**Assignment:**
I'd like the entire listing output verbatim, apart from the pictures.

**Given material:**
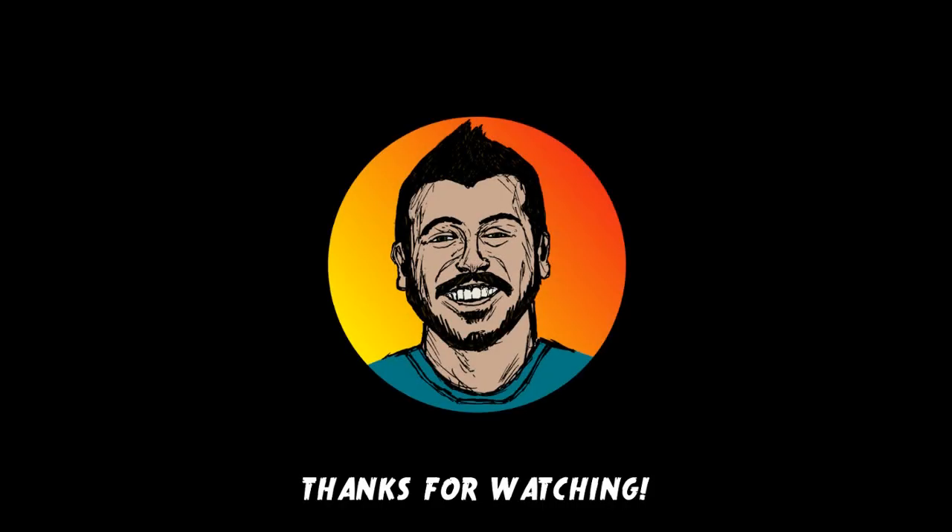Thanks for joining me at Sketchbook B. Please like, subscribe, and share this video if you enjoyed your time here. Don't forget to hit that notification bell so you never miss out on new episodes. Feel free to click on the links to check out my other content. That's all for now — see you next time.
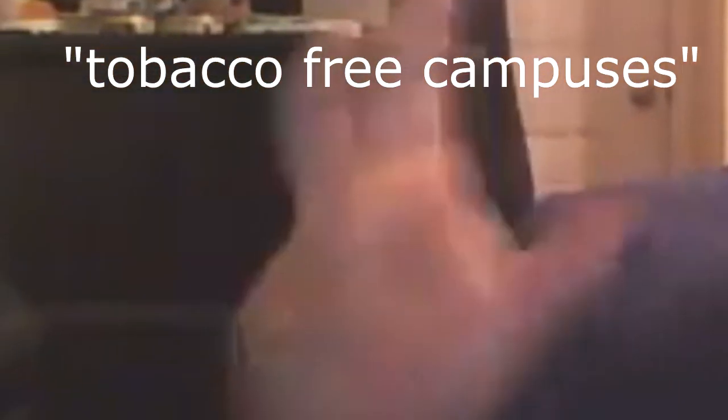I would recommend using an Arizona bottle or one of those Coke Zero bottles or dark ones. In Walmart, I walk around with a dip in and use my jug because I don't care. If somebody says something, they can go suck a dick. I actually dipped before in a hospital. Hospitals are tobacco-free campuses.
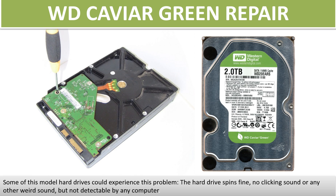Hello there. In this video, we are going to talk about WD KVR Green Desktop Hard Drive PCB Board Repair and Disk Data Recovery. Some of these model hard drives could experience this problem: the hard drive spins fine, no clicking sound or any other weird sound, but not detectable by any computer.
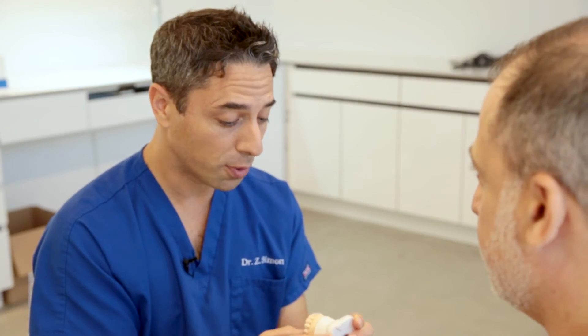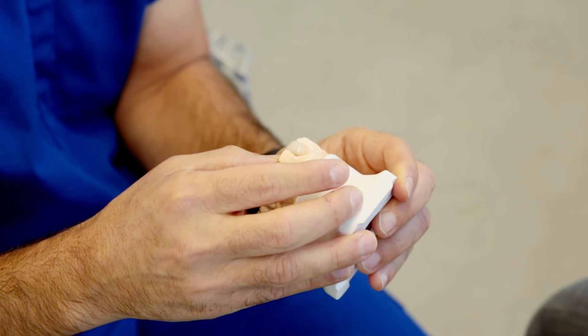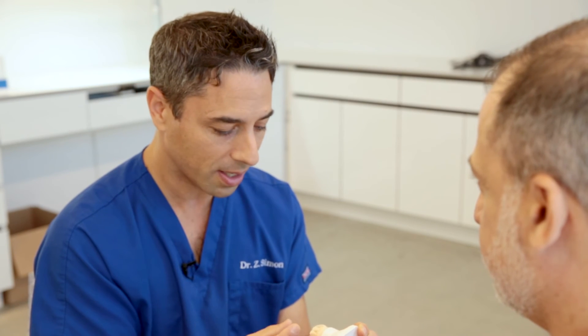Sam, this is a beautiful restoration — actually much more beautiful than a lot of the permanent restorations that I see. How did you get the lifelike appearance of the provisional? It's really standing out like actual tooth enamel. How does that work?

**Answer to this exercise:**
Thanks for joining me at Sketchbook B. Please like, subscribe, and share this video if you enjoyed your time here. Don't forget to hit that notification bell so you never miss out on new episodes. Feel free to click on the links to check out my other content. That's all for now — see you next time.
I would recommend using an Arizona bottle or one of those Coke Zero bottles or dark ones. In Walmart, I walk around with a dip in and use my jug because I don't care. If somebody says something, they can go suck a dick. I actually dipped before in a hospital. Hospitals are tobacco-free campuses.
Hello there. In this video, we are going to talk about WD KVR Green Desktop Hard Drive PCB Board Repair and Disk Data Recovery. Some of these model hard drives could experience this problem: the hard drive spins fine, no clicking sound or any other weird sound, but not detectable by any computer.
Sam, this is a beautiful restoration — actually much more beautiful than a lot of the permanent restorations that I see. How did you get the lifelike appearance of the provisional? It's really standing out like actual tooth enamel. How does that work?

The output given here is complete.